Dengan berpakaian kebudayaan dan tradisi, pesantren malah tambah menarik
perhatian umum. Rasa kenusantaraan di tubuh pesantren sangat terasa. Apalagi,
setelah berhasilnya pesantren menyatukan ajaran agama Islam yang datang dari
negri Arab dengan berbagai macam kebudayaan yang berbeda.
Begitu juga
dengan sisi pengamalan dan keteguhan dalam mengembangkan ajaran Islam. Walaupun
dengan berbagai pakaian tradisi yang ada, Pesantren masih tetap dengan tujuan awalnya,dan tidak pernah tertipu dengan kebudayaan setempat.
Tercatat dalam berbagai sejarah, baik yang diteliti oleh kaum pesantren sendiri
atau pun hasil riset dari kaum Orientalis, bahwa pesantren selalu di ramaikan
oleh para santrinya. Surau-surau suluk di berbagai tempat masih diminati dan
selalu dihangatkan dengan suasana zikir. Bisa dikatakan, pesantren tak pernah
sunyi dari penghuni yang selalu beribadah didalamnya.
Keberadaan
pesantren seperti yang diceritakan diatas adalah pada masa-masa kejayaannya.
Yaitu sekitar, abad 18 dan 19 an. Pada waktu itu pesantren memang pusat semua
kegiantan.
Sesuai
dengan tema diatas, pesantren tidak selamanya begitu. Melihat kepada banyak
factor dan sebab pendukung, konsep hijrah kembali di tafsiran oleh pesantren.

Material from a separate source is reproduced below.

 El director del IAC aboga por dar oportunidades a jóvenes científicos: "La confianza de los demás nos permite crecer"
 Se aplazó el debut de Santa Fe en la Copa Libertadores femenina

Banyak perombakan dan peralihan dari berbagai sisi. seperti dari sisi sistem
pendidikan, pemahaman tentang masyarakat sekitar dan lain-lain sebagainya.
Sehingga,
pemaknaan kembali terhadap konsep hijrah itu pun memberikan efek-efek atau
dampak yang sangat berbeda dengan pemaknaan awal. Pada mulanya, pesantren
memaknai konsep hijrah bahwa pendidikan tidak hanya bagi mereka yang kaya atau
orang yang mampu. Semua orang berhak untuk mendapatkannya. Beda dengan
sekarang, pengetahuan hanya bisa dicicipi bagi mereka yang punya uang dan mampu
memenuhi kebutuhan mereka di pesantren. Bagi yang tidak mampu, ya mesti
dikeluarkan.
Selain itu,
pesantren juga tidak menyatu dengan masyarakat setempat. Dalam kata lain,
pesantren tidak di huni oleh masyarakat dan masyarakat juga tidak tergolong
dalam anggota pesantren. Ada rasa malu yang muncul di benak masyarakat,
seketika anak-anak mereka di suruh untuk belajar di pesantren.
Apalagi
dengan fakta yang terjadi dalam tubuh pesantren itu sendiri. Efek hijrah
(perpindahan) sangat dirasakan. Ia tak lagi mengajarkan syariat yang tepat,
sesuai dengan ajaran para gurunya. Sekarang, pesantren tidak lagi bangga dengan
ke tokohan para pendirinya. Mereka lebih suka mengkaji ajaran wahabi yang
selalu menentang thariqat dan malu jika dikatakan sebagai pondok pesantren atau
surau yang mengajarkan serta mengamalkan ibadah suluk.
Ya, itulah
segelumit kisah perjalanan pesantren, dalam memanai konsep Hijrah yang pernah
dilakukan oleh baginda Nabi saw.
Tentu dari
masa ke masa pemaknaan itupun akan berbeda. Namun, yang terpenting sekarang
adalah memikirkan pemaknaan hijrah yang seperti apa yang harus diterapkan dalam
pesantren, paling tidak untuk satu tahun kedepan?. Apakah masih tetap begitu
atau ada perubahan lain?.
Selamat Tahun baru 1437 Hijriah…semoga lebih baik.